That Japanese movies are often adapted from Japanese manga is no secret. Less well known is the subgenre of films about the lives of some Japanese mangaka (manga artists), which is informally known as mangakamono. Many of these fictional biopics have gone on to become local blockbusters, but we'll get to that later. These films reveal what is required to become a manga artist, how to make a living and keep the creative flames burning — despite the overwhelming odds of failing.
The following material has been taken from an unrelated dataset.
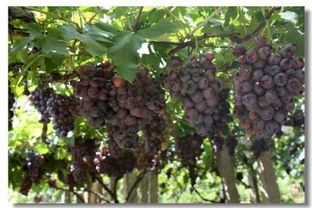 三种葡萄产品加工技术，打造园艺界的爆款花卉！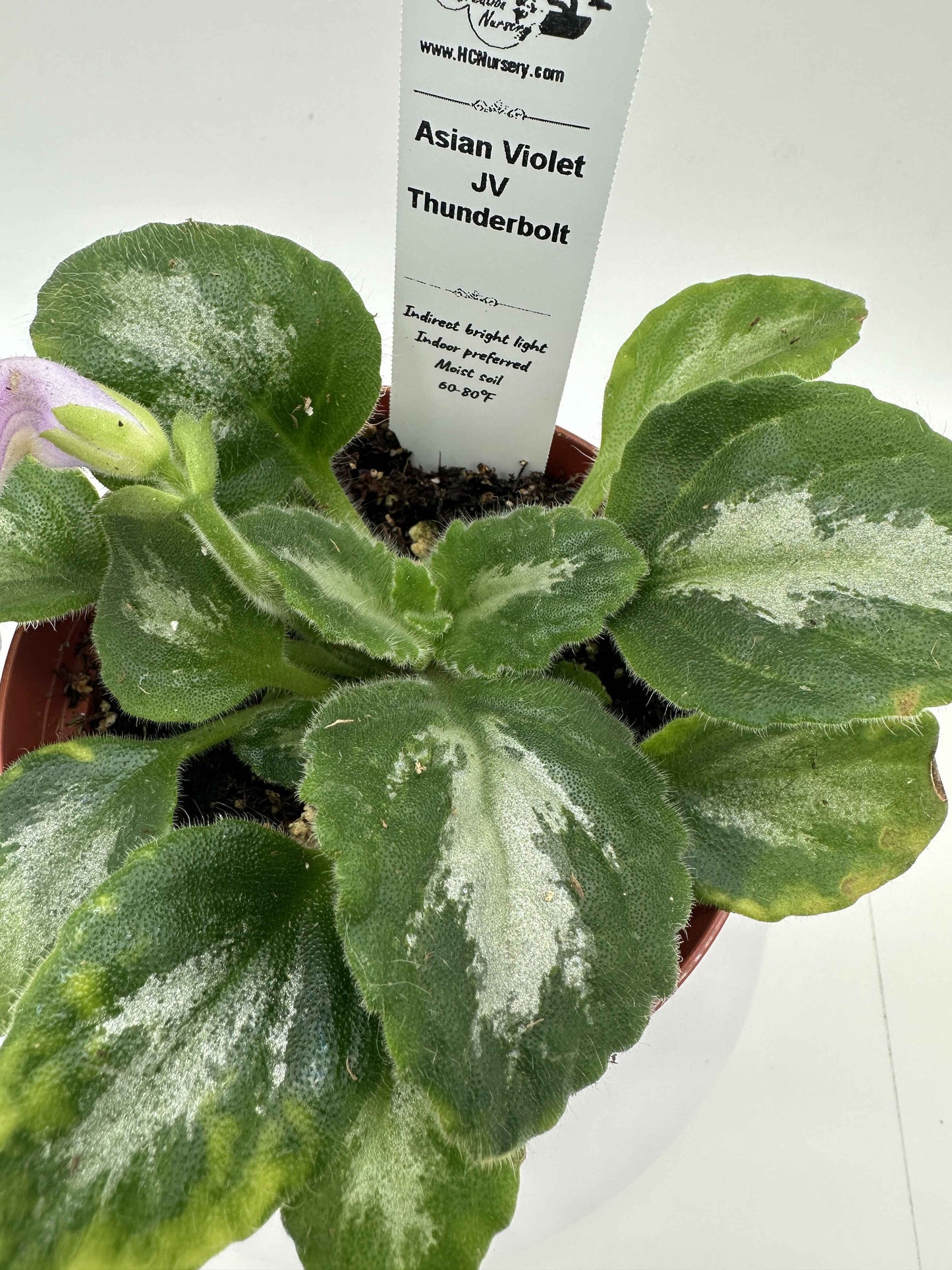 JV Thunderbolt Asian Violet (Primulina) - Live Plant 4"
The genre emerged with the unexpected box-office success of Jun Ichikawa's "Tokiwa-so no Seishun" in 1996. It's an elegant, if superficial, look at the youthful beginnings of manga giants Motoo Abiko, aka Fujiko Fujio (part of the creative duo who dreamed up "Doraemon"), Fujio Akatsuka and Hiroo Terada, when they all lived in the same, dingy apartment building — named Tokiwa-so — in Tokyo's Ikebukuro district. This apartment was to Japanese manga what the Chelsea Hotel was to New York's underground art scene: It was where all the cool people lived and where their friends came over to hang out. One of the earliest manga celebrities who took up residence in that apartment was Osamu Tezuka (creator of "Astro Boy"), whose editors used to camp out in the corridors of the apartment waiting for Tezuka to finish his latest installments.
It wasn't until the early 2000s that the mangakamono genre came into its own, though by this time the actual manga world was littered with struggling manga artists portraying their real lives and careers.